## WORK REQUIRED:
Pictures are not part of the copy. Write out exactly the lines from the line with "hallway with wood-type flooring" through the end of the entries below.

## DATA:
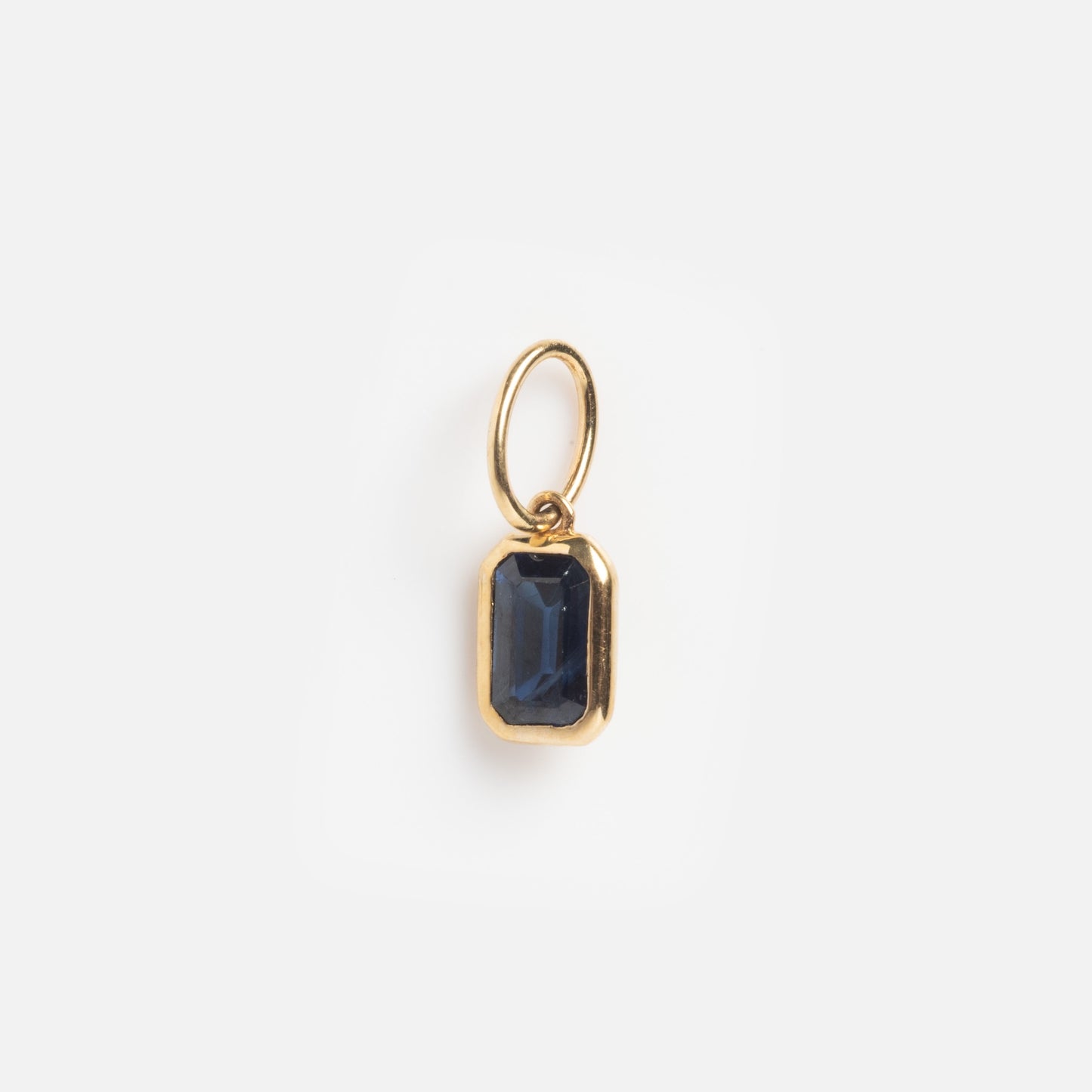 A Solid Gold Sapphire Baguette Charm Sample featuring a small gold pendant with a rectangular dark blue sapphire, attached to a simple gold loop and shown on a plain white background.
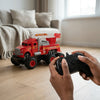 Child playing with Friction Powered Simulation Fire Truck Toy, controlling it with a remote while indoors.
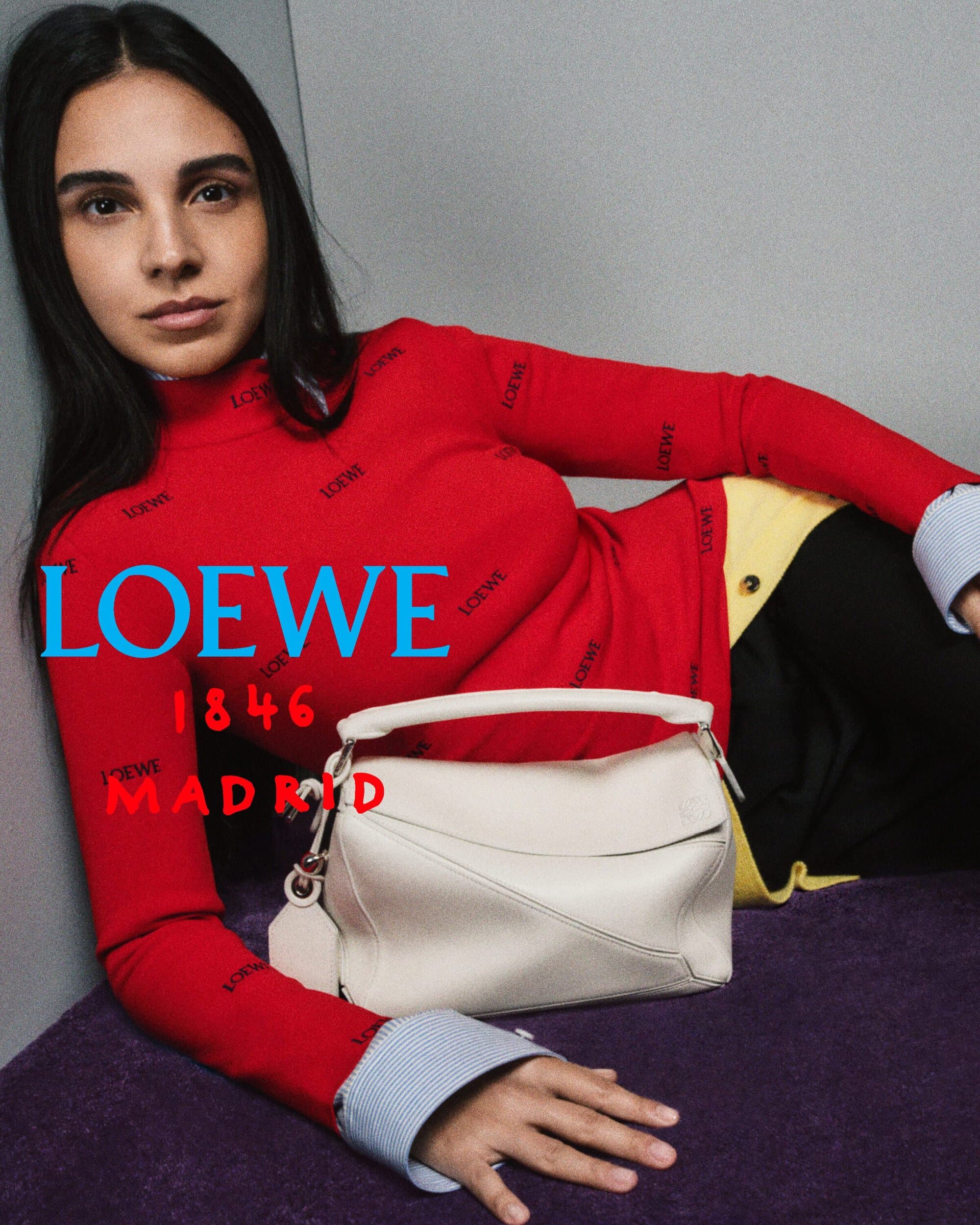 Salma Abu Deif reclining in a red turtleneck sweater beside an off-white leather handbag against a grey corner backdrop.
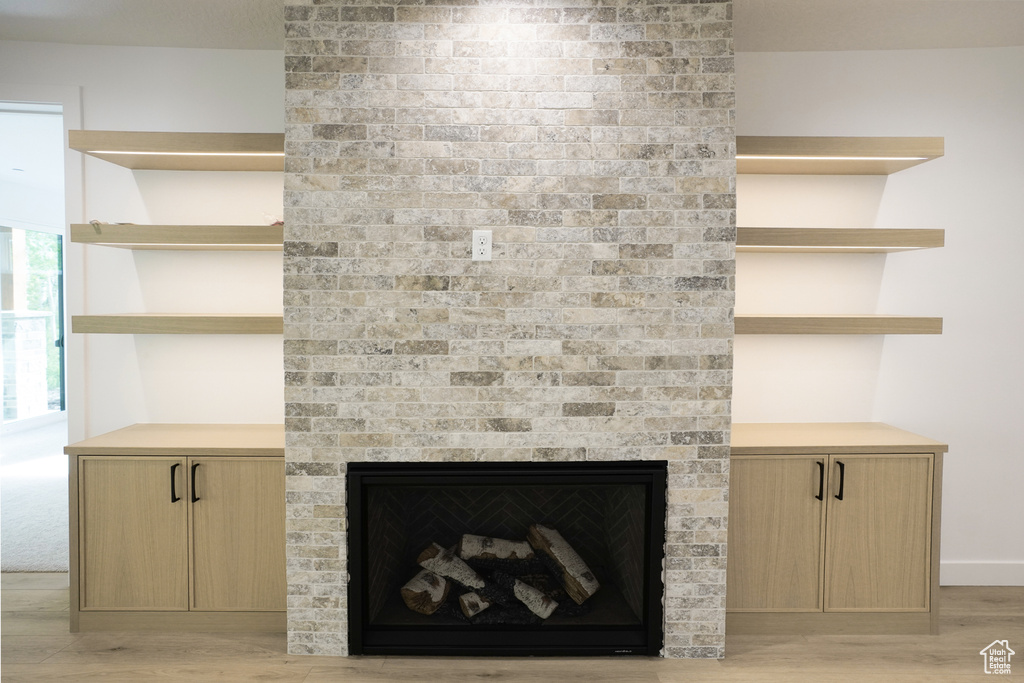 Detailed view of wood finished floors and a brick fireplace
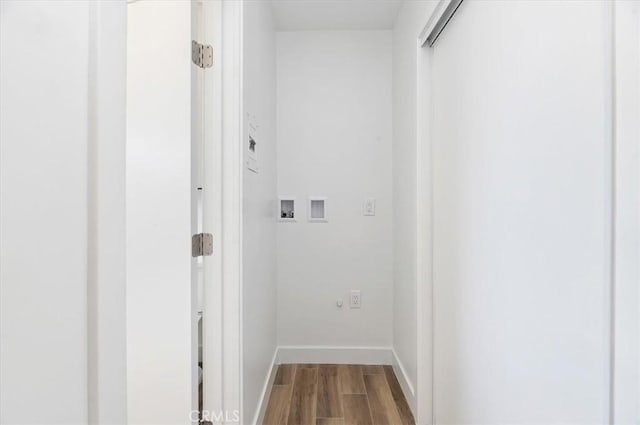 hallway with wood-type flooring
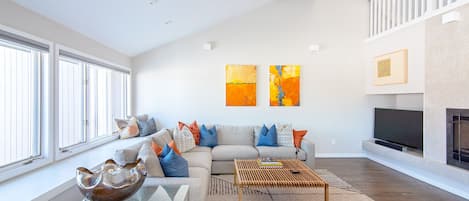 Light filled, open living room with views of Wonderland Lake.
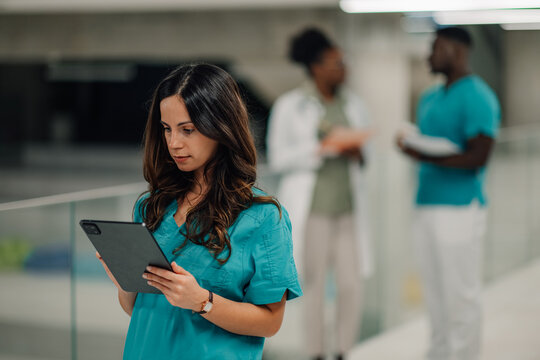Female medical professional using digital tablet with team - Powered by Adobe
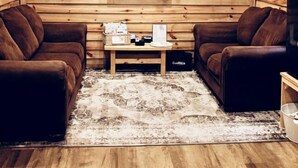 Una habitación acogedora con paredes de madera, un ventilador de techo, un televisor de pantalla plana, dos sofás de cuero marrón, una pequeña mesa de centro y cuadros enmarcados en la pared.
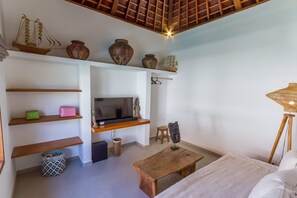 A modern living room with a TV, wooden shelves, a small stool, and a woven lamp. - Villa Namu in Seminyak (Seminyak)
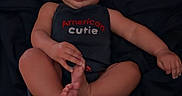 Freya is registered to the contest to win money with this photo: baby, baby_pose, blanket, child, clothing, cute, dark_background, expression, face, foot, hand, indoors, infant, lying_down, onesie, person, portrait, skin, tongue_out, young_child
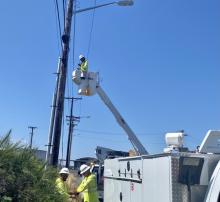 A utility crew member is aloft in a bucket truck installing aerial fiber lines on a utility pole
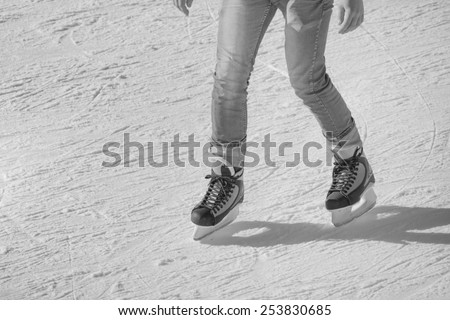 Image of young man who are ice skating at the ice rink outdoors at Medeo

## WRITTEN ANSWER:
 hallway with wood-type flooring
 Light filled, open living room with views of Wonderland Lake.
Female medical professional using digital tablet with team - Powered by Adobe
 Una habitación acogedora con paredes de madera, un ventilador de techo, un televisor de pantalla plana, dos sofás de cuero marrón, una pequeña mesa de centro y cuadros enmarcados en la pared.
 A modern living room with a TV, wooden shelves, a small stool, and a woven lamp. - Villa Namu in Seminyak (Seminyak)
 Freya is registered to the contest to win money with this photo: baby, baby_pose, blanket, child, clothing, cute, dark_background, expression, face, foot, hand, indoors, infant, lying_down, onesie, person, portrait, skin, tongue_out, young_child
 A utility crew member is aloft in a bucket truck installing aerial fiber lines on a utility pole
 Image of young man who are ice skating at the ice rink outdoors at Medeo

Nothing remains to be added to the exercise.